Pam Cameron, of the DUP, said she was “conscious that there is a lack of evidence to support the need for, or the implied success of, any proposed residential facility.”

Mrs Barton said she was concerned about the “minimal provision” in the Programme for Government regarding special needs, and that it is also crucial to consider partnerships with allied health professionals when thinking about best-possible provision for autism.

Kellie Armstrong, Alliance, said she is fully behind better overall provision for people and families affected by autism, and she is also fully behind Middletown’s current approach, but noted that there are occasions when residential services are useful and she does not believe they should be dismissed entirely.

Green Party leader Steven Agnew said he had heard no evidence that supports a reconfiguration of Middletown’s services, and its model seems in line with current thinking across a range of health issues.

The Minister

Peter Weir, the Education Minister, welcomed the debate and while he disagreed with the motion he appreciated “that the motivation behind it is very genuine and sincere in trying to focus on the particular way forward for Middletown.”

He acknowledged wider concerns about local autism provision but noted that Middletown itself is very highly regarded and, while there might be times when residential services are productive, the shift in focus for the centre has yielded great results, reflected in two extremely positive inspections in 2012 and again in 2016.

“It is unfortunate that the proposers of the motion appear to have missed those positive reports and focused instead on the lack of residential assessment, perceiving that to be a setback to autism services. I do not believe that that is the case. We are all aware of the background; I have dealt with it.
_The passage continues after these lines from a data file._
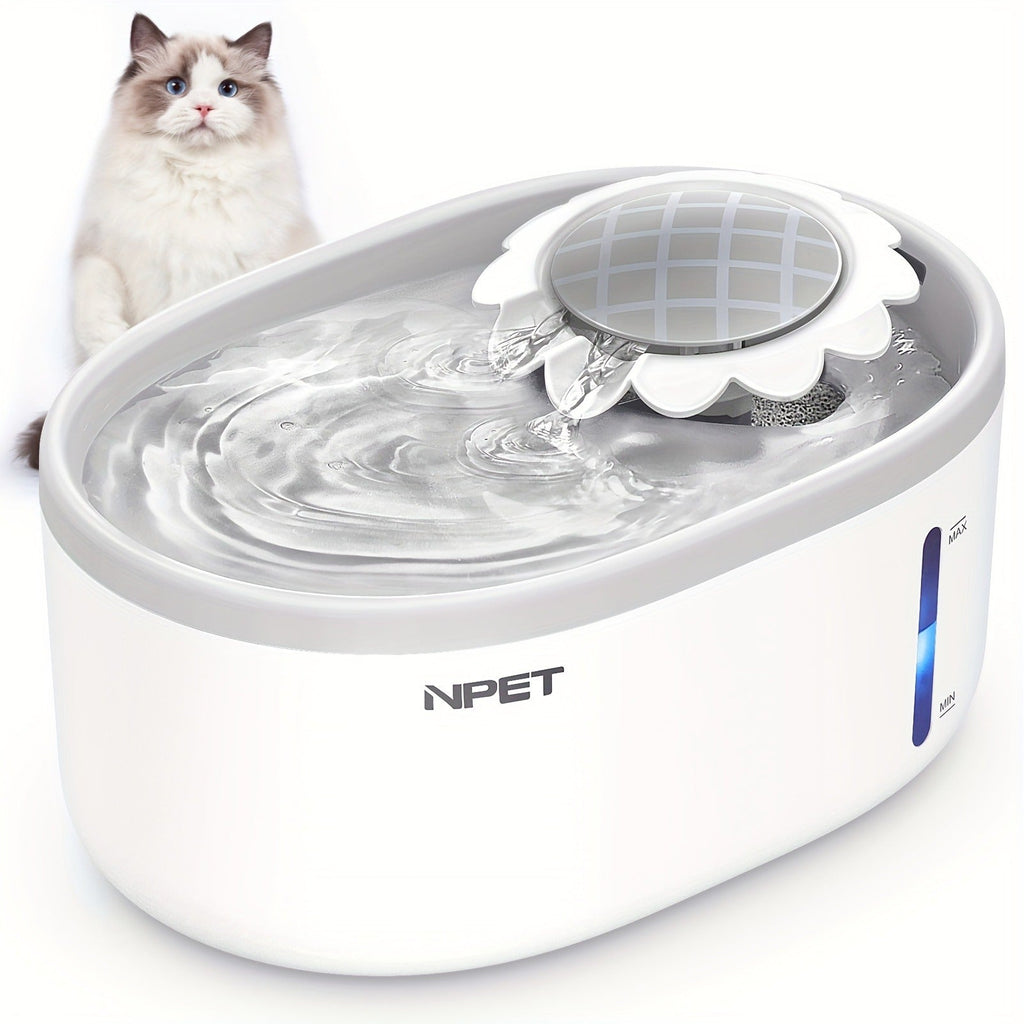 Automatic Pet Water Fountain 2L / 67oz – Ultra-Quiet Pump, Visible Water Level Window, Cat & Dog Water Dispenser, Safe BPA-Free Design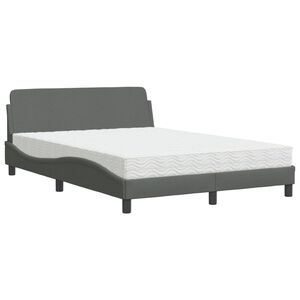 vidaXL Bett mit Matratze "Dover" Dunkelgrau 120x200 cm Stoff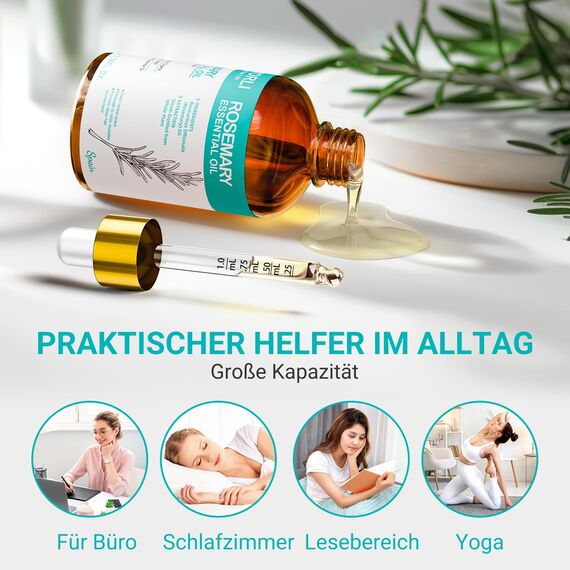 ENYORLI Rosmarinöl 100mL 100% Naturrein Dampfdestilliert für Haarwuchspflege, Hautpflege, Aromatherapie, Massage & Duftkerzen, Mit Pipette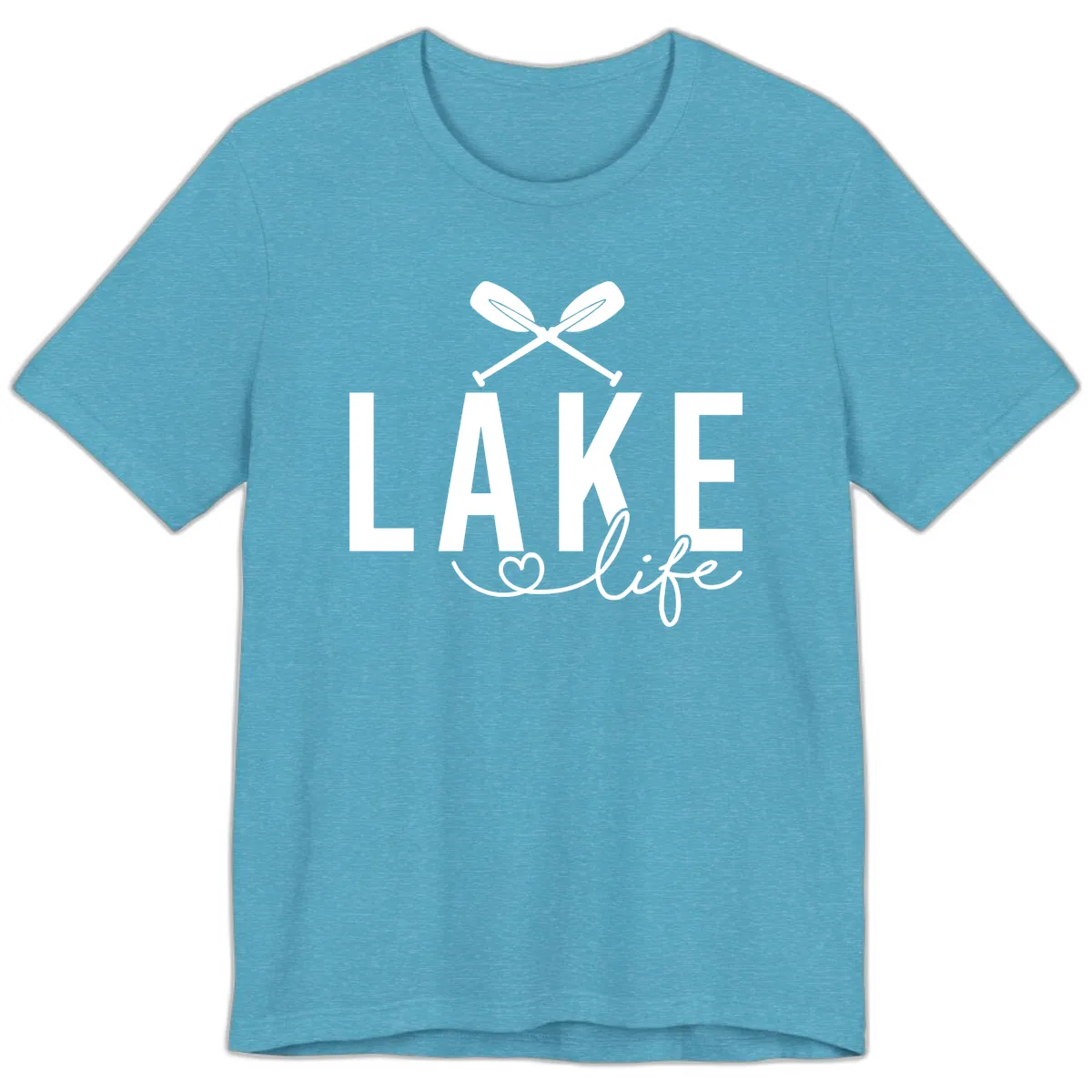 Lake Life Nautical Paddles Design Premium T-Shirt in Heather Aqua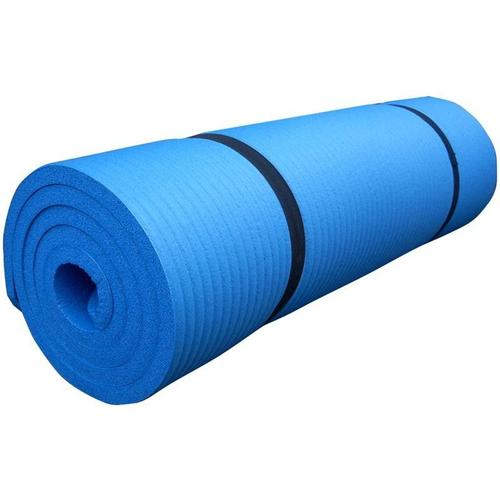 Scsports® Tapis D'exercice - 190 X 80 X 1,5 Cm, Épais, Léger, Antidérapant, Nbr, Avec Sangle De Transport, Bleu - Tapis De Fitness, Pilates, Yoga, Gymnastique, Exercice, Sport, Aérobic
“The outreach service is fundamentally the same assessment and support service for children with autism as was originally intended. It provides the assessment, therapies and education plan to meet the individual needs of the child. However, significantly, it is delivered in the child’s home and school setting for up to three school terms, instead of residentially at the Middletown centre.

“In fact, the service is having a wide-ranging positive impact not just on the referred pupils but on teachers, parents, siblings and other members of the family and, indeed, other children with autism who attend that child’s school.

“It is difficult to see that outstanding provision as a setback for autism, considering that those wider-reaching impacts would never have been achieved if we had simply gone down the residential route.”

Mr McElduff had also asked the minister to comment on ‘Broken Promises’, a joint report from the National Autistic Society (NAS) and Autism NI, with Mr Weir responding: “There has been a great deal of criticism, particularly of the diagnostic side of things. Delivery for probably the majority of 'Broken Promises' lies with the Department of Health, which leads on autism, but I am very encouraged by the level of engagement across the Executive with Autism NI and the National Autistic Society NI.

“It has not been just me. I know that the Health Minister, the First Minister and the deputy First Minister have recently met representatives of those organisations. There is a determination to try to resolve the issues. As we move through the mandate, we will be contributing to the ongoing autism strategy, the lead for which again lies with another Department.”

The motion was, by leave, withdrawn.